Below, I list the common clichés, what they actually mean in plain language, and I add my personal commentary. So without further adieu, I present this column one sentence at a time, and please note that I worked extremely hard, gave 100 percent effort, and I typed it with a lot of heart… .
• “The guys are working hard or very hard, extremely hard, or the derivative and same meaning: ‘This group has a good work ethic.’”
Explanation: The coach is setting a pace and his expectations in practice, and the players are up to those standards.
Commentary: When is a coach actually going to say?: “My players are lazy, worthless underachievers who don’t listen to a word I say.”
• “Our guys came ready to play… ‘the team played hard’…’we played to win’ or… they (the other team) came to play.”
Explanation: We took the field/court well prepared for our opponent.
Commentary: As a sportswriter, I hope a team came ready to play, unless players forgot their uniforms or expected to sit in with the pep band during pregame and halftime.
• “We gave 100 percent, or the implausible…’we gave 110 percent.’”
Explanation: The team didn’t take plays off and gave full effort.
Commentary: I’d love to see the person who can actually give 10 percent more than their complete self. Oh, I’d fall out of my chair if a coach said, “we gave 78 percent.”
• We can’t look ahead, we’re just taking it one game at a time…or ‘one day at a time.’”

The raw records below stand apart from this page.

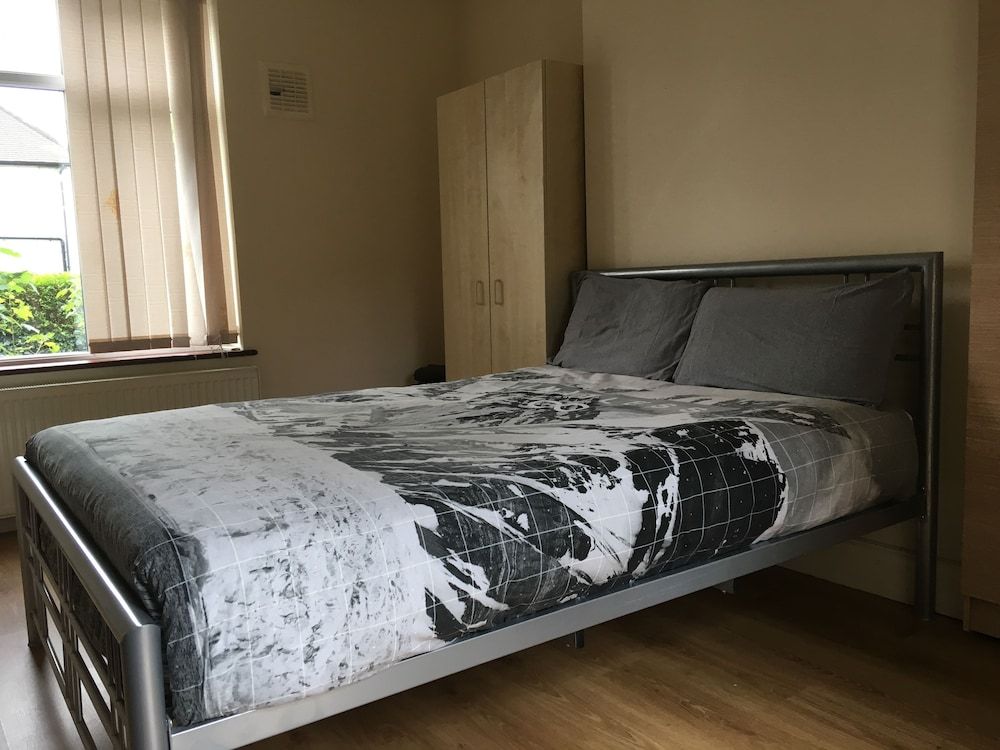 undefined Noel House 6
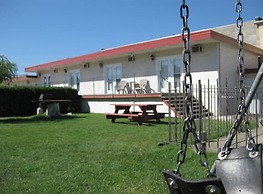 Falcon Resort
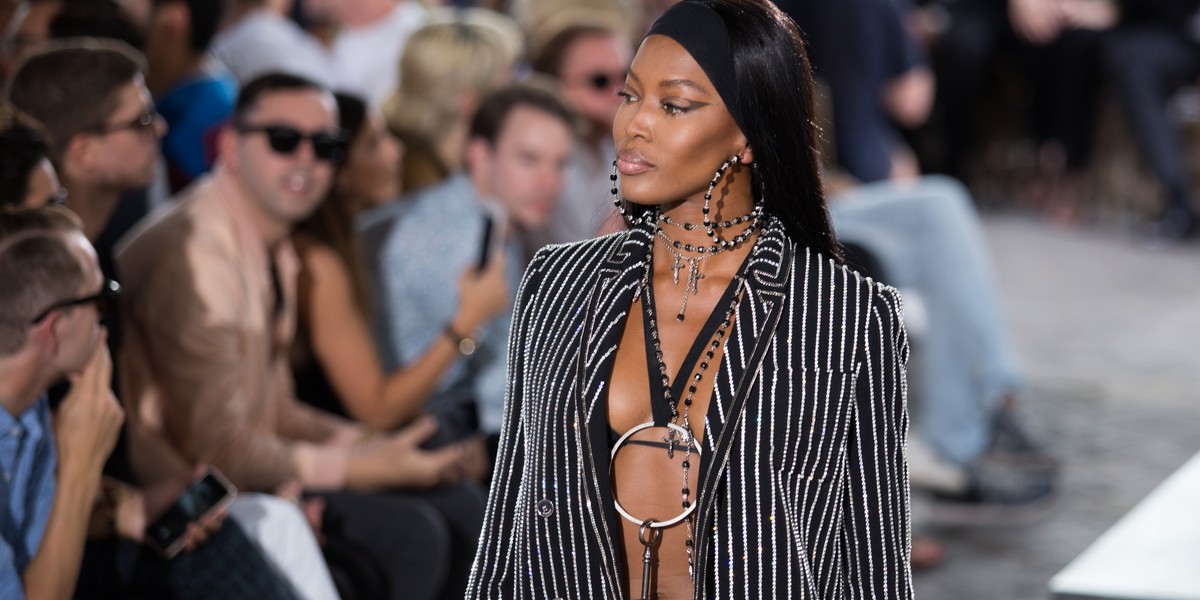 Naomi Campbell na wybiegu w bikini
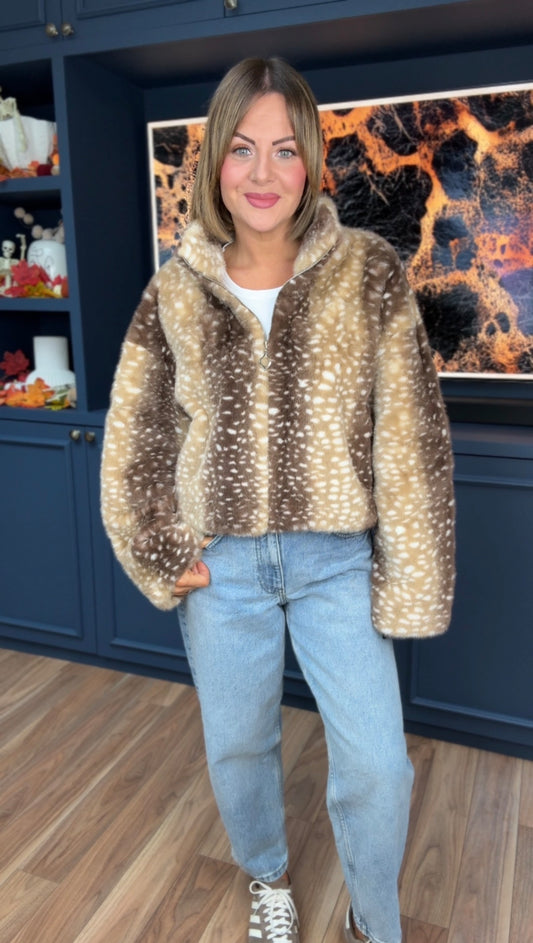 REINDEER FAUX FUR COAT BEIGE *New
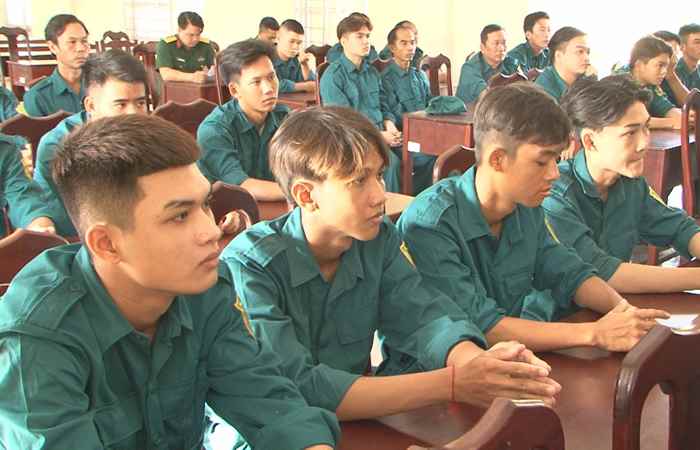 Long Phú triển khai huấn luyện dân quân năm thứ nhất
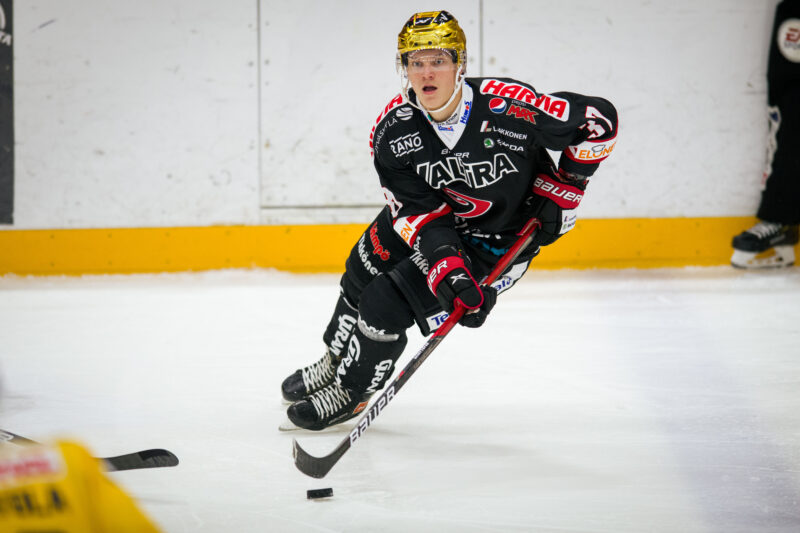 Joakim Kemell JYP:n paidassa.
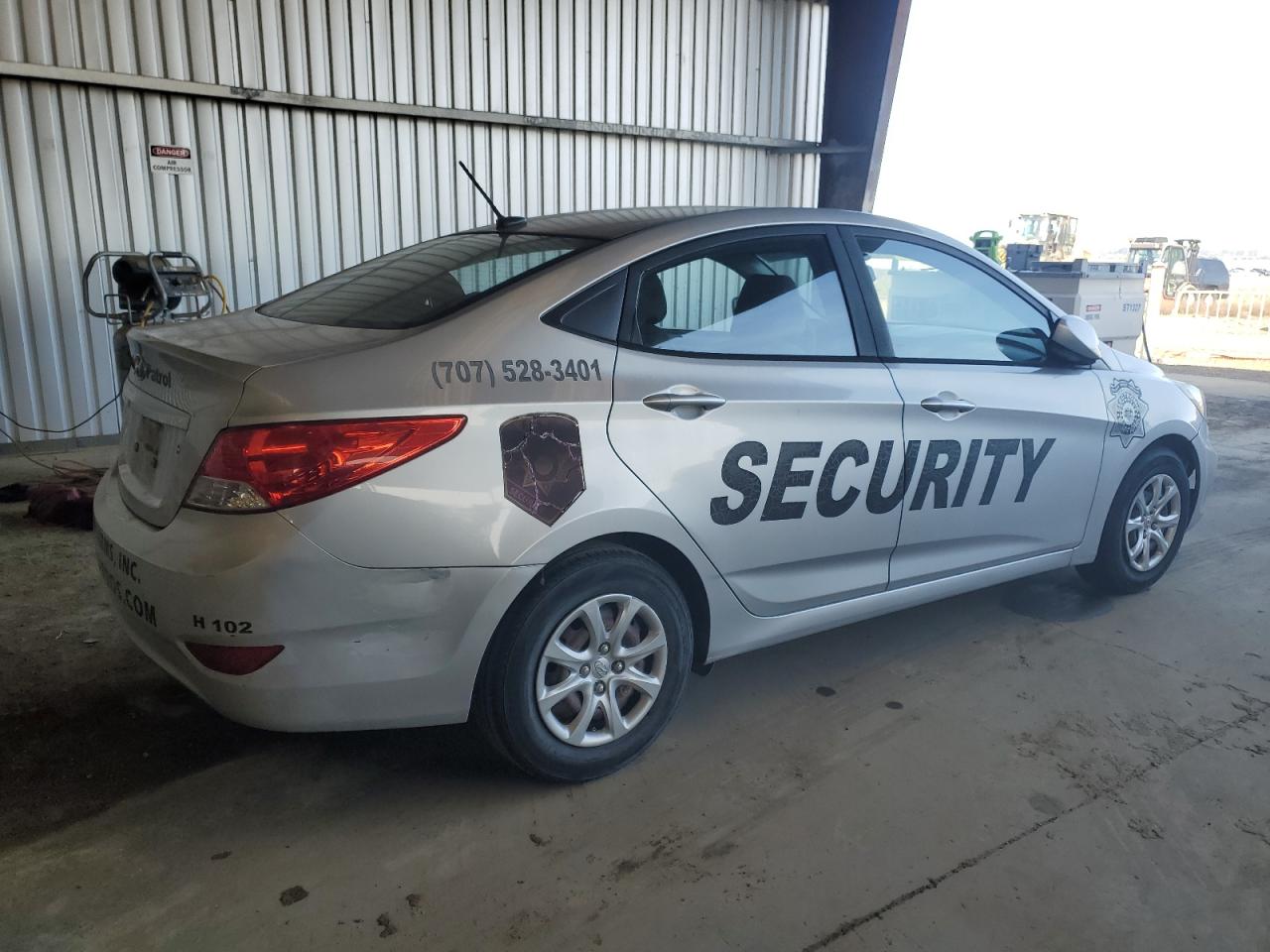 2014 Hyundai Accent - Image 3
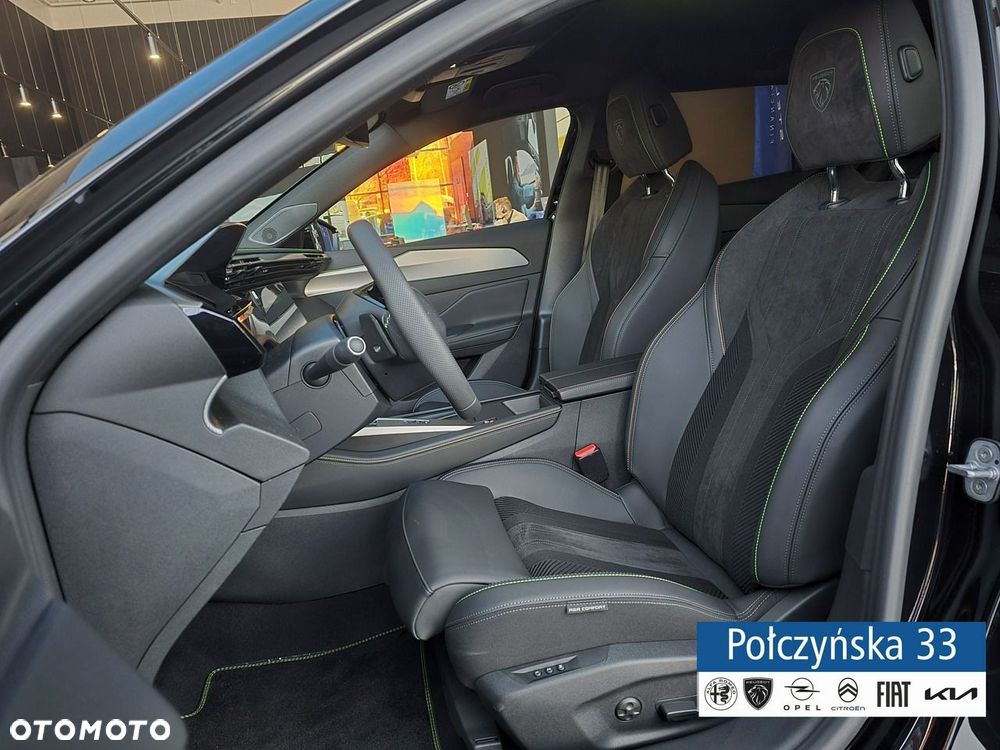 Peugeot 408 - 13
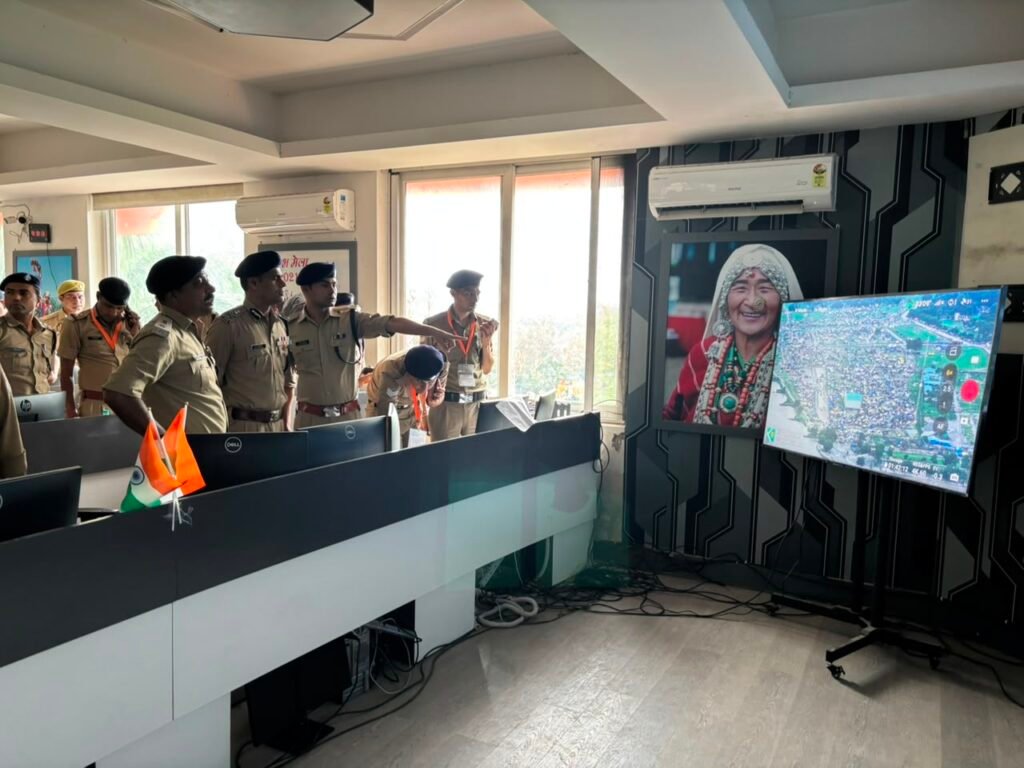 कांवड़ यात्रा 2026- कांवड़ यात्रा की व्यवस्थाओं का जायजा लेने हरिद्वार पहुंचे ADG L/O, सुरक्षा एवं यातायात व्यवस्थाओं को परखा, कंट्रोल रुम का भी किया निरीक्षण, डाक कांवड़ के अनुरूप ट्रैफिक एवं डायवर्जन प्लान एक्टिवेट करने के दिए निर्देश।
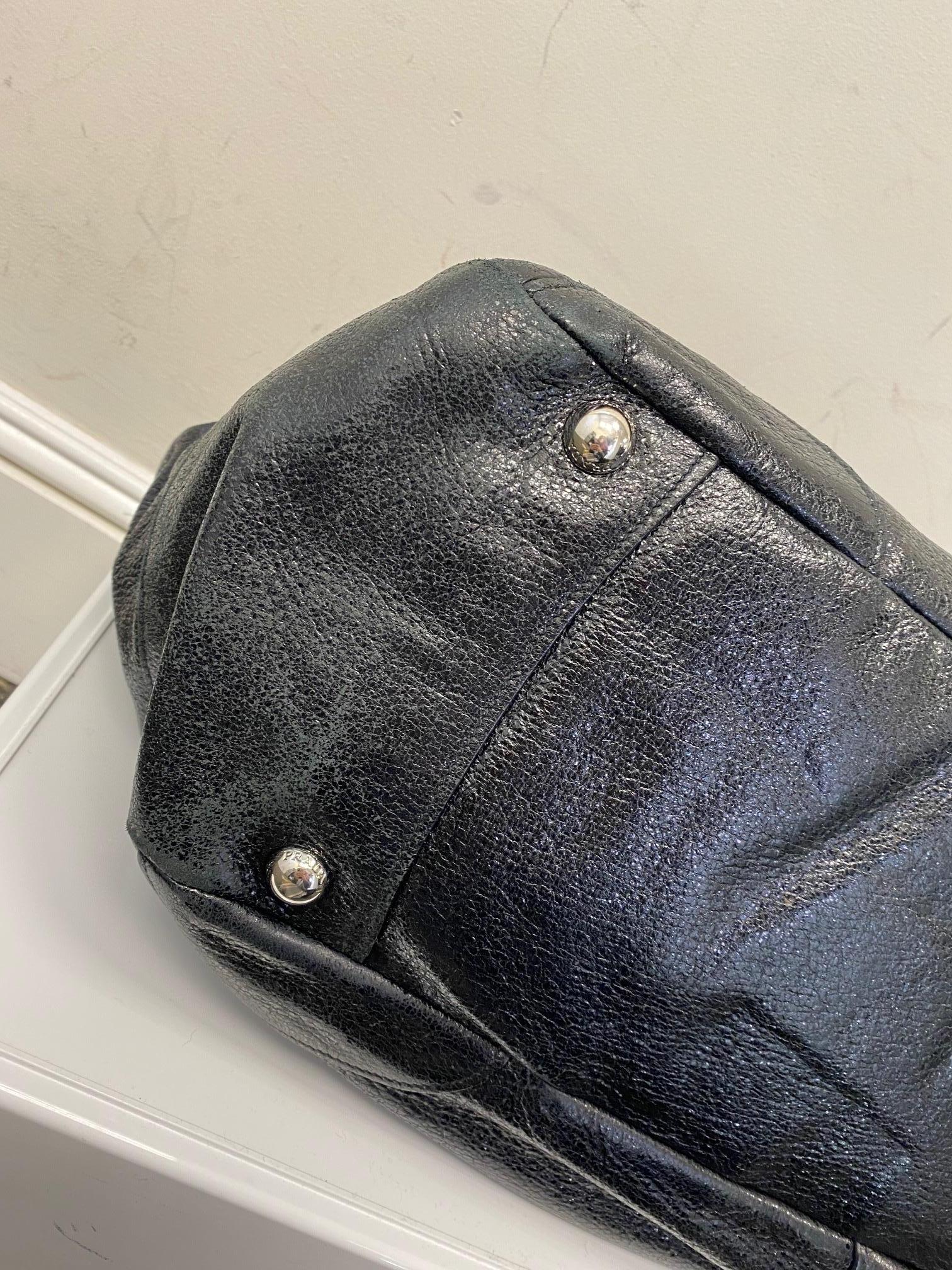 Prada Metallic Cervo Lux Chain Tote In Good Condition For Sale In Roslyn, NY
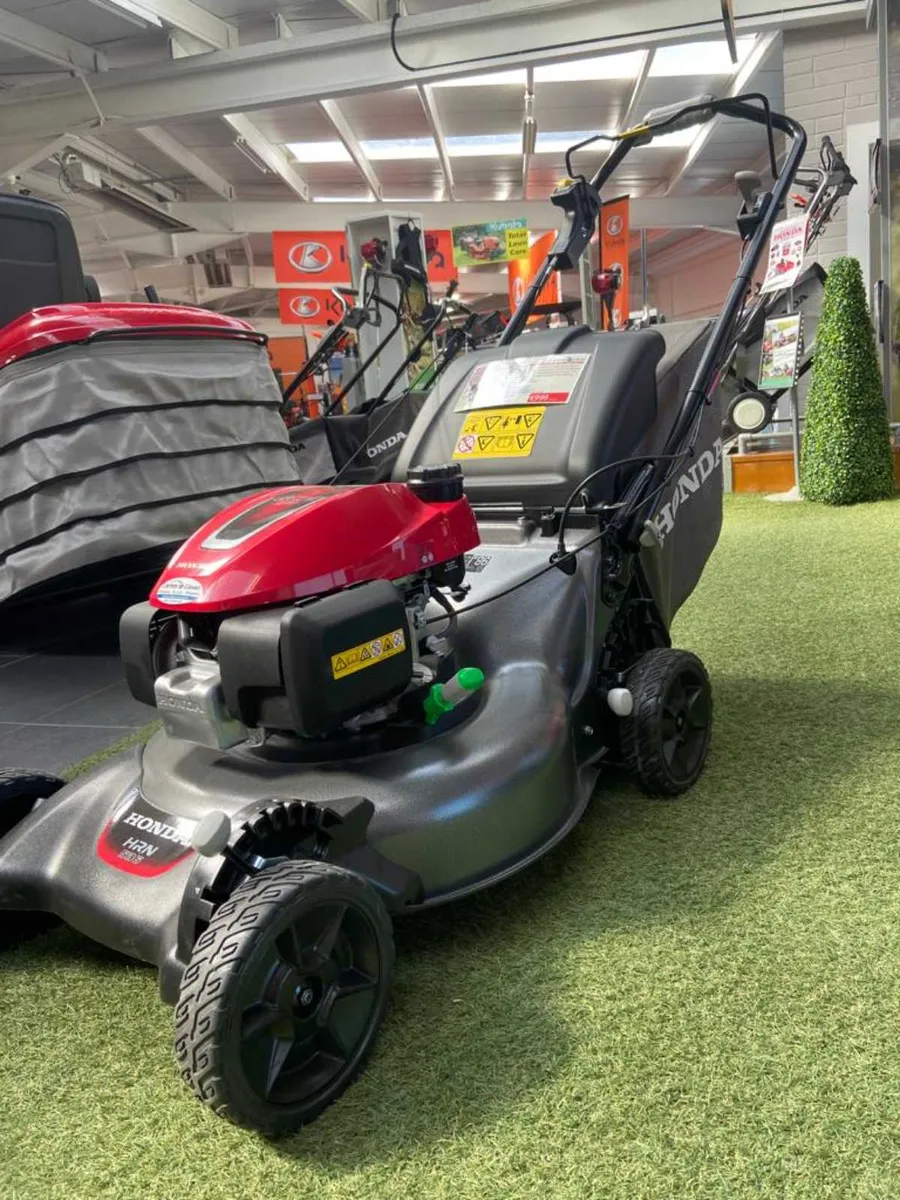 Honda HRN536VYE walk-behind lawnmower - Image 2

Explanation: If we don’t point toward the next game as the most important one, we may lose our focus.”
Commentary: I liked the situation comedy with Bonnie Franklin, “One Day At A Time” as a kid, but I don’t like this heavily overused phrase. It’s a catch-all fall-back for quotesmiths whose well of comments has gone dry.
• “This group plays like a team or ‘they played well together.’”
Explanation: There is cohesiveness, chemistry, and camaraderie among the team members.
Commentary: I’m sure teams that played well together were all kids who got smiley faces for sharing and interacting well with classmates during pre-school.
• “Every game is a must-win.”
Explanation: The expectation is to win every game.
Commentary: I am guilty of throwing this comment in from time to time. Isn’t it understood that teams play with the purpose of winning? As an offshoot and an up-and-coming cliché, I’ve heard, “we played not to lose.”
• “We were competitive.”
Explanation: There wasn’t a huge difference between the two teams.
Commentary: This comment is always a preface or an explanation before describing a defeat. It’s a bail-out to possibly make the players and fans feel better.
• We played with a lot of heart.”
Explanation: An intangible quality in which the team didn’t give up and showed a lot of passion and enthusiasm.
Commentary: Just once I’d like to see the heart throw a football, dribble a basketball, and hit a baseball.
• We’re very young or real young.”
Explanation: The team doesn’t have a lot of varsity game experience or it doesn’t have a lot seniors on the squad.
Commentary: If I had a nickel for every time I heard this one I’d have about $20 by now. I find it ironic that a senior in high school is considered a veteran, but as soon as he becomes a freshman in college, he’s extremely young again. Wouldn’t it be great if in real life we could transition from old to young on a yearly basis?
• “Not to take anything away from… .”
Explanation: A coach gives obligatory credit to the other team, then explains his team’s failing.
Commentary: This quote always comes after a loss, and by making excuses for his team’s loss, the coach IS taking something away from the winning team.
• “Our backs are against the wall.”
Explanation: The team is in a position where it cannot lose or it cannot fail.
Commentary: This is a cousin to the aforementioned cliché, “a must-win situation.”
* “We stepped up or ‘we had to step it up.’”
Explanation: The team raised the level of its game and quality of its play to that of its opponent.
Commentary: Why is it that no one ever says they stepped it up at the start of a game? Usually they must fall down a few steps at the start, then take the steps back up, hence, “stepped it up.”